-------- Input --------

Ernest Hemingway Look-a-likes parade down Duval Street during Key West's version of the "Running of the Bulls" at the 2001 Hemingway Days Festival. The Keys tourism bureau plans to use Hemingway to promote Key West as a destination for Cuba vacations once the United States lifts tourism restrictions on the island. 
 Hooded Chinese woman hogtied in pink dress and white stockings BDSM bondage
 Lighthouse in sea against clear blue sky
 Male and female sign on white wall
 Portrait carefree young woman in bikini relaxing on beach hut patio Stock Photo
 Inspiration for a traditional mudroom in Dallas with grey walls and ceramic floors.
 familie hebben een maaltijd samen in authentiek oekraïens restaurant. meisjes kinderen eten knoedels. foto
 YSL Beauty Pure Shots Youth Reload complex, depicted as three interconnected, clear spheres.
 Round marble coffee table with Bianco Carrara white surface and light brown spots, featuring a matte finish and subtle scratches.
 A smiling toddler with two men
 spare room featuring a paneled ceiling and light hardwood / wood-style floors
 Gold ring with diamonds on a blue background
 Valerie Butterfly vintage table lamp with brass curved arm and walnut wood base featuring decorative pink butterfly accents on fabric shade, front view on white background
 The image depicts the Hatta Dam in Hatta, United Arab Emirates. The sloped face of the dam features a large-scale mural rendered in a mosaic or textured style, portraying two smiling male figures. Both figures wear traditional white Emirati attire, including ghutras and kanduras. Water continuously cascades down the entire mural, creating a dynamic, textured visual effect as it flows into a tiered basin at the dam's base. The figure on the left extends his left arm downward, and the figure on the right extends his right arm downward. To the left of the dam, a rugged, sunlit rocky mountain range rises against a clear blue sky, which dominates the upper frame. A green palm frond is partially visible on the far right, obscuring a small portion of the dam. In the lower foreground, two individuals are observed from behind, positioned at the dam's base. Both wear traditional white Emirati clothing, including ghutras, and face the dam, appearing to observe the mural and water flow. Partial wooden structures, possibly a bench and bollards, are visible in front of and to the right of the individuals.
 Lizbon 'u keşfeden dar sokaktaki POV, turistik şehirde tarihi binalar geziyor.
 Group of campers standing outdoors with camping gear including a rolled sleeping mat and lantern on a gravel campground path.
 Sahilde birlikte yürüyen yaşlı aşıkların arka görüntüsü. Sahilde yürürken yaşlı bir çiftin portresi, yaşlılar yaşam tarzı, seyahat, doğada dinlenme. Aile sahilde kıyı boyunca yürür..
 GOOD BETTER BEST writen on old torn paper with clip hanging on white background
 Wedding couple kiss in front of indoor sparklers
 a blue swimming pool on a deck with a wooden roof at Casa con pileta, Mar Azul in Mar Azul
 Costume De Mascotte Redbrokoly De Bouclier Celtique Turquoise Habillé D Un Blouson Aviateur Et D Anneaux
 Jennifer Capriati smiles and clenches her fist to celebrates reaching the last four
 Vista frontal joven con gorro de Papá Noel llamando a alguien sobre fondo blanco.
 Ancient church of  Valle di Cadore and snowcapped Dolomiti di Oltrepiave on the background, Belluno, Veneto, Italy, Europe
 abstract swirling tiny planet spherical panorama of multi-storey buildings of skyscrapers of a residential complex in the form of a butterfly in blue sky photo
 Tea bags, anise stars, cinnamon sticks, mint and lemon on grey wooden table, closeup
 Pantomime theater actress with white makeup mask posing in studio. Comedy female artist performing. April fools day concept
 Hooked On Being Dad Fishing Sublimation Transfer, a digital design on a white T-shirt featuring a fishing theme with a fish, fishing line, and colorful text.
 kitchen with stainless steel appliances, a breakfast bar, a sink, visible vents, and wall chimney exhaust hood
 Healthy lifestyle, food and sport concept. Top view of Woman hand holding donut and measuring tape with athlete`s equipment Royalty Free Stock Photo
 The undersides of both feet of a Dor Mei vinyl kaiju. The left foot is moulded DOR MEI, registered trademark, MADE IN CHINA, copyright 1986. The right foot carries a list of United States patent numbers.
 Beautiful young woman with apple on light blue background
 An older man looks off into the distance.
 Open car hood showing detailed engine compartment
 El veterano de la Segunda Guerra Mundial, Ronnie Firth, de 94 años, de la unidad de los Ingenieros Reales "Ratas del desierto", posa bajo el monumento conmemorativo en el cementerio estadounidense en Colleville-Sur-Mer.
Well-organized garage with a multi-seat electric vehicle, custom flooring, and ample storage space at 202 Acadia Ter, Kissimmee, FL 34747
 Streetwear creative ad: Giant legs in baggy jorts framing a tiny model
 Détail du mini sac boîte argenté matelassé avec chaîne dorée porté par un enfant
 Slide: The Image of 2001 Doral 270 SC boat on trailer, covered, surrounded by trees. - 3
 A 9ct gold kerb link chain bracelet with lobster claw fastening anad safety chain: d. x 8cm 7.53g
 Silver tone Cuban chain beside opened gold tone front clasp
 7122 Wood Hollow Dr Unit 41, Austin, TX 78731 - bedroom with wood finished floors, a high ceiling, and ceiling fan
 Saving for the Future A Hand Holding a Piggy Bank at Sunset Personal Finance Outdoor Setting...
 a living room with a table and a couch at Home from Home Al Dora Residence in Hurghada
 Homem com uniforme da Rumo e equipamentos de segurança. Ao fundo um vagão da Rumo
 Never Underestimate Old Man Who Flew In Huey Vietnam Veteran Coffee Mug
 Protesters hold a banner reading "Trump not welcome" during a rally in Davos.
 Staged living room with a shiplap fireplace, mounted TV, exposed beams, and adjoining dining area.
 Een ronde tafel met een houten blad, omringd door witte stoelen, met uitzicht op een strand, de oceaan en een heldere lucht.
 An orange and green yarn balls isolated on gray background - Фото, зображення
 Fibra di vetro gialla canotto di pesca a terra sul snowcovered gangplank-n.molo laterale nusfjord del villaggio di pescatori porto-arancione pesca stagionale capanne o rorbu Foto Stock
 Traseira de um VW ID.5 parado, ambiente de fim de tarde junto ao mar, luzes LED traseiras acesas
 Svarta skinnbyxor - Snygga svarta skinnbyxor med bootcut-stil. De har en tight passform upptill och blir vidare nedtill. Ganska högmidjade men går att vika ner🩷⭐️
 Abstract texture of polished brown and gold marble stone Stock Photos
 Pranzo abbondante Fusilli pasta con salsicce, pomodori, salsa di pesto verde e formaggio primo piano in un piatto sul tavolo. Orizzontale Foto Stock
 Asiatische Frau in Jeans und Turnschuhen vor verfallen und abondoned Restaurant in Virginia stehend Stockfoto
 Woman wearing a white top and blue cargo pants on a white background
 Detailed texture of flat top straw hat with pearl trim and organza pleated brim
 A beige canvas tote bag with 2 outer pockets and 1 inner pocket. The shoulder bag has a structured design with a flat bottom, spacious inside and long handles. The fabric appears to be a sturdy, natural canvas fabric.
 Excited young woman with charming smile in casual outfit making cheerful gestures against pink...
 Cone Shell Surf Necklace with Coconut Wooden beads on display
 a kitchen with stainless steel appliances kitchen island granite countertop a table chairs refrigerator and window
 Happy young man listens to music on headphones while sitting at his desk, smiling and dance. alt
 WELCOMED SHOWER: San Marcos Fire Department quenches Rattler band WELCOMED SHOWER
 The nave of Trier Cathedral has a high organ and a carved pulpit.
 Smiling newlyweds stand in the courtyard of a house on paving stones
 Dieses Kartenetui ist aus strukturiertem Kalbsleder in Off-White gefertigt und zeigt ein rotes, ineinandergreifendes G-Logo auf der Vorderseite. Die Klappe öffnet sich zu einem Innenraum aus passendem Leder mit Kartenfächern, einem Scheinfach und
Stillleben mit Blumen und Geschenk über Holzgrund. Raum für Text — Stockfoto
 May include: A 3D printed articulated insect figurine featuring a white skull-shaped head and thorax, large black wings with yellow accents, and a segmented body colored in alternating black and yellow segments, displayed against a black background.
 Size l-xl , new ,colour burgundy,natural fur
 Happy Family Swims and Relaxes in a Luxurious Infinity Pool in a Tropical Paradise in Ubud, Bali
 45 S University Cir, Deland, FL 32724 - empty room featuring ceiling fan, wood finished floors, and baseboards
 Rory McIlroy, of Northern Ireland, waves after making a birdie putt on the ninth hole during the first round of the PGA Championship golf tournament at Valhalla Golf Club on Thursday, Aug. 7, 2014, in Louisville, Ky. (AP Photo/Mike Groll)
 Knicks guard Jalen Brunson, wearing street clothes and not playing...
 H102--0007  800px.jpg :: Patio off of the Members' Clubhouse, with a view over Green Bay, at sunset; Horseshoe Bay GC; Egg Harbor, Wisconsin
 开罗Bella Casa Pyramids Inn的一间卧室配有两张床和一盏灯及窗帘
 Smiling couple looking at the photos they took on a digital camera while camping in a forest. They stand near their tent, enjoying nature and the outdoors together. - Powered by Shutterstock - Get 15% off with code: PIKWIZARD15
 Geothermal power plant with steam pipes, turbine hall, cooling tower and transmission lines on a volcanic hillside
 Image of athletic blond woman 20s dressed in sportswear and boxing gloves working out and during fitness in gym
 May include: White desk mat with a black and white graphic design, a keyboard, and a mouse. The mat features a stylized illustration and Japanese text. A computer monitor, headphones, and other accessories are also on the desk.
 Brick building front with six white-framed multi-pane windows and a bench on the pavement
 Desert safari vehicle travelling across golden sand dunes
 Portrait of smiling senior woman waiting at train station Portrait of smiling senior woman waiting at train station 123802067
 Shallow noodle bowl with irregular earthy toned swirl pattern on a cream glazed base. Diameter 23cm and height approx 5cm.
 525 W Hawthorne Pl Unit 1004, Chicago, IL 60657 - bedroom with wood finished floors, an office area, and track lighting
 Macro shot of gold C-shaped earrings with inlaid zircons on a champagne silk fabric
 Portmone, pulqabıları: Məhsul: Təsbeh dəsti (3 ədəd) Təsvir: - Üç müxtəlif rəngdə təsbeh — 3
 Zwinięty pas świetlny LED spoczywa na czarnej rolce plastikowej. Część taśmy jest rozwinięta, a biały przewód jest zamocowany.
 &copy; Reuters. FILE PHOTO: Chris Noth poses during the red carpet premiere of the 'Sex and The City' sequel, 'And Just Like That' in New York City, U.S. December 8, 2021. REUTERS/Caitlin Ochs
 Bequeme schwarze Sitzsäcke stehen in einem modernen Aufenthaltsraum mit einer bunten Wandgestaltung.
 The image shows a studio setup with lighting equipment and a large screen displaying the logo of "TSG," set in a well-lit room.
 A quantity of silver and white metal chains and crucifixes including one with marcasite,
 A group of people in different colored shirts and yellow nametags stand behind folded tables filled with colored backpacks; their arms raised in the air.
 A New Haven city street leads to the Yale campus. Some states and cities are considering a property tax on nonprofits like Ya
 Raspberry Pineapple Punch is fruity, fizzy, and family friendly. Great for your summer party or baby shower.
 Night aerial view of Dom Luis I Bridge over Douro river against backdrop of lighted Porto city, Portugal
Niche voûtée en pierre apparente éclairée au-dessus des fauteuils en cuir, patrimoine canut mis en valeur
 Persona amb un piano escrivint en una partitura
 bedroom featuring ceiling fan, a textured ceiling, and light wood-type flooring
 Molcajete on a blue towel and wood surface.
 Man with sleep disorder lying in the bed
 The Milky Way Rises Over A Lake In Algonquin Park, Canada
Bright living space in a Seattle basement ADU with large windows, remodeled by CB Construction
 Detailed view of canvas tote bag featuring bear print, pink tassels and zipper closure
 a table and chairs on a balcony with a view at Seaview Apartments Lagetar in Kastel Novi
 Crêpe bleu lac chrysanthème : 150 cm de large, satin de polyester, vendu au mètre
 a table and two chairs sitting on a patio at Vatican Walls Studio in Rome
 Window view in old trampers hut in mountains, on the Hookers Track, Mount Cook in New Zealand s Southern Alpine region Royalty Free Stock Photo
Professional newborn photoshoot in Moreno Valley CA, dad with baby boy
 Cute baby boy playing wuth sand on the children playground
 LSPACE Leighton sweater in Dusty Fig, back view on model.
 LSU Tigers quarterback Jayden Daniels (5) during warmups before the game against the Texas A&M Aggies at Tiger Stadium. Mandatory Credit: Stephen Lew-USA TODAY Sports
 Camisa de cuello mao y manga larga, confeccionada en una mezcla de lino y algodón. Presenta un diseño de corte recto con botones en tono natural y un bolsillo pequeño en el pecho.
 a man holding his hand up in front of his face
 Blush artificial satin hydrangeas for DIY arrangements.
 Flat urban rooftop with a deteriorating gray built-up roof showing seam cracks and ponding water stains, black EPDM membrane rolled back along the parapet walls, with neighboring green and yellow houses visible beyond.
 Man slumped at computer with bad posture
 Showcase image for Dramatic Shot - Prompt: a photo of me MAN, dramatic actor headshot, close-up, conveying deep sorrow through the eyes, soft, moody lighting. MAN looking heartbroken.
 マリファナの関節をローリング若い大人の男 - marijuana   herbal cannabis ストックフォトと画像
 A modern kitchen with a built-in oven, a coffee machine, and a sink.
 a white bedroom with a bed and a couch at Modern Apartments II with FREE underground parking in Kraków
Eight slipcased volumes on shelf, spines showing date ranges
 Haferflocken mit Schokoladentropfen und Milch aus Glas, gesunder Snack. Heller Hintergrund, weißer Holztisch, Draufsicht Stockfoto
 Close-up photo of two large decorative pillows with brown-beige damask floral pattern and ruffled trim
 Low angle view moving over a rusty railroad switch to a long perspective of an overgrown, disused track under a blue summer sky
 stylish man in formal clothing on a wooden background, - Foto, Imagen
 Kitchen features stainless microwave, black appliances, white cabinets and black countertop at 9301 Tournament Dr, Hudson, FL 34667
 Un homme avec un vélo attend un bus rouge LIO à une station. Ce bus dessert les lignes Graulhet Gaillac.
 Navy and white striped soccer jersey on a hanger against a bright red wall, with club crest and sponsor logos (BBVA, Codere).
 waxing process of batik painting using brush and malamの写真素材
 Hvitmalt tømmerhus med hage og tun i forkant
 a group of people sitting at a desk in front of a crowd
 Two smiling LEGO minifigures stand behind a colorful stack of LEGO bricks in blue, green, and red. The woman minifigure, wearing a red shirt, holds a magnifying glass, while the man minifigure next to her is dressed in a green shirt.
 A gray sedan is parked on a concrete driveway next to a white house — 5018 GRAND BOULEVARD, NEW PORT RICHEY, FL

--------

The task:
Beginning at the opening line of the data, transcribe each line exactly until you reach the line with "Lighthouse in sea against clear blue sky", which you also include, and go no further.

Reply:
Ernest Hemingway Look-a-likes parade down Duval Street during Key West's version of the "Running of the Bulls" at the 2001 Hemingway Days Festival. The Keys tourism bureau plans to use Hemingway to promote Key West as a destination for Cuba vacations once the United States lifts tourism restrictions on the island. 
 Hooded Chinese woman hogtied in pink dress and white stockings BDSM bondage
 Lighthouse in sea against clear blue sky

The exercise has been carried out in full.